Guéri et fortifié, il reçut l’appel au service de Dieu en 1936, lors de sa convalescence en Italie, par ces paroles du prophète Jérémie?: «?Ne dis pas?: je suis un enfant, . . . Je mets mes paroles dans ta bouche?» (Lire Jérémie 1.4-10)
Il a exercé pendant 70 ans un ministère évangélique dans des communautés diverses, dans des camps de jeunesse et dans des salles populaires en différents continents. Il a exercé un ministère pastoral et d’enseignement biblique dans divers pays du monde, accueilli dans les églises les plus diverses, à la découverte et à l’expérience de l’unité du corps de Christ.
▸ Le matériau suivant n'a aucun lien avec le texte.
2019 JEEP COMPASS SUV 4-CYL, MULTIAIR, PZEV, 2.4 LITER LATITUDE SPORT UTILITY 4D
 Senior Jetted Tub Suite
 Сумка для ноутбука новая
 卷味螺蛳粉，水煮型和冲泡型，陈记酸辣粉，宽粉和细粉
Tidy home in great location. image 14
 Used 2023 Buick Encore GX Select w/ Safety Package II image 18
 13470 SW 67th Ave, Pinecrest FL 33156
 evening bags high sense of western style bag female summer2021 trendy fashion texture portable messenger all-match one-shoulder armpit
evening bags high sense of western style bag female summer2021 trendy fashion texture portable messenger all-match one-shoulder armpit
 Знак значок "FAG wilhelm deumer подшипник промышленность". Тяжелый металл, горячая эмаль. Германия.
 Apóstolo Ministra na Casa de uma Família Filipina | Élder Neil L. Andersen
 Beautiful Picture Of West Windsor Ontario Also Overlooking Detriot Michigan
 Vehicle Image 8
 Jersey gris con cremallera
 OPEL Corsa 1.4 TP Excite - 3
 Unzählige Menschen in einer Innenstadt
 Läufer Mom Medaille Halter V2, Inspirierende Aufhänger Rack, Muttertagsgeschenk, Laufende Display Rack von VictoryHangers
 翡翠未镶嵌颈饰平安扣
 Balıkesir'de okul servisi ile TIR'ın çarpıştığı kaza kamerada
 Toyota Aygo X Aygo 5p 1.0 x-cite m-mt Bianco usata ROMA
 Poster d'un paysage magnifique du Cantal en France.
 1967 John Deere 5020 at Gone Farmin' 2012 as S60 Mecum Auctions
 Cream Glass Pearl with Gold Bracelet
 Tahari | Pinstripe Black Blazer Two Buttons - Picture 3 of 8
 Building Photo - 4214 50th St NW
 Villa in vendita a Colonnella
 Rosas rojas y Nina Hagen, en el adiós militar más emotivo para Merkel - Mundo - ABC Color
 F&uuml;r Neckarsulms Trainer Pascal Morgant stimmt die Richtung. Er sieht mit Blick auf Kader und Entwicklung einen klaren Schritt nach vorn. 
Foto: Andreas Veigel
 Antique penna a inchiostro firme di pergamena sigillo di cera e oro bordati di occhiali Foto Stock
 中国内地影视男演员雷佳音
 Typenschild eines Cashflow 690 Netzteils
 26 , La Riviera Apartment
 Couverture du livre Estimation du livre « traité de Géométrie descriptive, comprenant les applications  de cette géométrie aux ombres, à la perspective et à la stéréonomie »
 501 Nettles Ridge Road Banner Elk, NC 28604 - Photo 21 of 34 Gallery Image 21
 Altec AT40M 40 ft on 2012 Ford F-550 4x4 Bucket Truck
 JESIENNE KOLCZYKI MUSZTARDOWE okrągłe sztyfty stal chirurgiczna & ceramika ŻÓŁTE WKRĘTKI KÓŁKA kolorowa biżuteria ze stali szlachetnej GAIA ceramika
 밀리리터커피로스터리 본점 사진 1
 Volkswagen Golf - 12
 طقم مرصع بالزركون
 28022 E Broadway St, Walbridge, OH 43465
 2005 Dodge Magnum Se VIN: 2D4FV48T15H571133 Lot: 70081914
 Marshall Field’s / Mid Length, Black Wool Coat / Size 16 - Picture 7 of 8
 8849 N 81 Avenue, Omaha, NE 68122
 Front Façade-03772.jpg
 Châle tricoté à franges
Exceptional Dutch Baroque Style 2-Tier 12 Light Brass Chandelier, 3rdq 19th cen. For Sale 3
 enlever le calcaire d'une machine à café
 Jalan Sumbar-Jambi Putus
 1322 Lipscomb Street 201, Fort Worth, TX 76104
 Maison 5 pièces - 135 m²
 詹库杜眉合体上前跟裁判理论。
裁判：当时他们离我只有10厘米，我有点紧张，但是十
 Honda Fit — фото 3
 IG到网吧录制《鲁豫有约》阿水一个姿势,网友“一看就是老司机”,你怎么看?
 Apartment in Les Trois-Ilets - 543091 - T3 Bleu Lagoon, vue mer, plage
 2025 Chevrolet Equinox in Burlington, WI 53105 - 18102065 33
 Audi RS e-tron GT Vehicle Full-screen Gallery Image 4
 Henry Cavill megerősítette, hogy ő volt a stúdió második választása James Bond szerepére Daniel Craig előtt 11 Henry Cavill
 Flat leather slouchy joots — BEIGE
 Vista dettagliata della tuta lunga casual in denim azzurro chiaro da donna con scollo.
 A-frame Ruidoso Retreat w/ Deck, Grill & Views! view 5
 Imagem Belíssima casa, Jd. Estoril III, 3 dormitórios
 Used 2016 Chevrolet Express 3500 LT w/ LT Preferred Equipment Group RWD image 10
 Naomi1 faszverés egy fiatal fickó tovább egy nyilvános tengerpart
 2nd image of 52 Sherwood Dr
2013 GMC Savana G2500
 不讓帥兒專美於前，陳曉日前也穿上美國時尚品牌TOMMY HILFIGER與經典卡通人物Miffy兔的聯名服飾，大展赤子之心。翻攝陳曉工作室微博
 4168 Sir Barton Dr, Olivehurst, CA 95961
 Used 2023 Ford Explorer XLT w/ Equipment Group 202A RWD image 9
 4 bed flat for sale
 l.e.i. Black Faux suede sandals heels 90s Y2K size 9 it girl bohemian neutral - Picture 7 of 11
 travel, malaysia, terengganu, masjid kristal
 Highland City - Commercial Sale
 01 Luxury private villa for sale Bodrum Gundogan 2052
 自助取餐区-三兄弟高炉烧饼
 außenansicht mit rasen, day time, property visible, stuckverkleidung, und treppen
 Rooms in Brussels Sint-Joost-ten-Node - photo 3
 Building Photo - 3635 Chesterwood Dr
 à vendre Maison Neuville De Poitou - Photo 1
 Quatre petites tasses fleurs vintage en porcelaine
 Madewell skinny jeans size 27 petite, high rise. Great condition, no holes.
Les assemblées de France, Belgique, Suisse et Italie ont bénéficié tout particulièrement de son enseignement.
Dès 1947, il ne dépend d’aucune église particulière. À Nice, la fondation de l’assemblée du Refuge le 1er dimanche de décembre 1950 a été le départ d’un riche témoignage qui fut en bénédiction à beaucoup. Ce témoignage se poursuit encore aujourd’hui.
Tout en étant resté foncièrement attaché à la Bible et sans sombrer dans un syncrétisme religieux, Gaston RACINE est resté disponible pour témoigner de sa foi aux croyants et aux non-croyants de tous les milieux, catholiques, orthodoxes, protestants, juifs, musulmans, bouddhistes, hindouistes, rationalistes et marxistes.
Durant de nombreuses années, chaque mois, dans la rubrique Vie chrétienne, Doctrine et Vie, ses articles ont été en bénédiction à beaucoup. Mentionnons encore son ministère parmi les jeunes et les adultes dans les camps de l’Hermon, Genval, Vennes-sur-Lausanne, Poggio et les camps G.B.U.
Établi au Canada à partir de 1962, il habitera Montréal. Après son mariage avec Eva Arendt, il créera les camps Mahanaïm destinés aux jeunes gens et jeunes filles de 18 à 30 ans.
À Montréal, à l’aube du 27 février 2006, dans sa 89e année, le Seigneur a repris à Lui, son fidèle serviteur Gaston RACINE. Nous ne voulons pas exalter un homme, car toute la gloire en revient à Dieu. Gaston RACINE disait humblement qu’il n’était qu’une voix. Rendons grâces à Dieu qui a donné un serviteur à son Église. Que sa consécration et son témoignage de Foi soient un encouragement à aimer la Parole, à la faire connaître et à la vivre comme il nous l’a enseigné…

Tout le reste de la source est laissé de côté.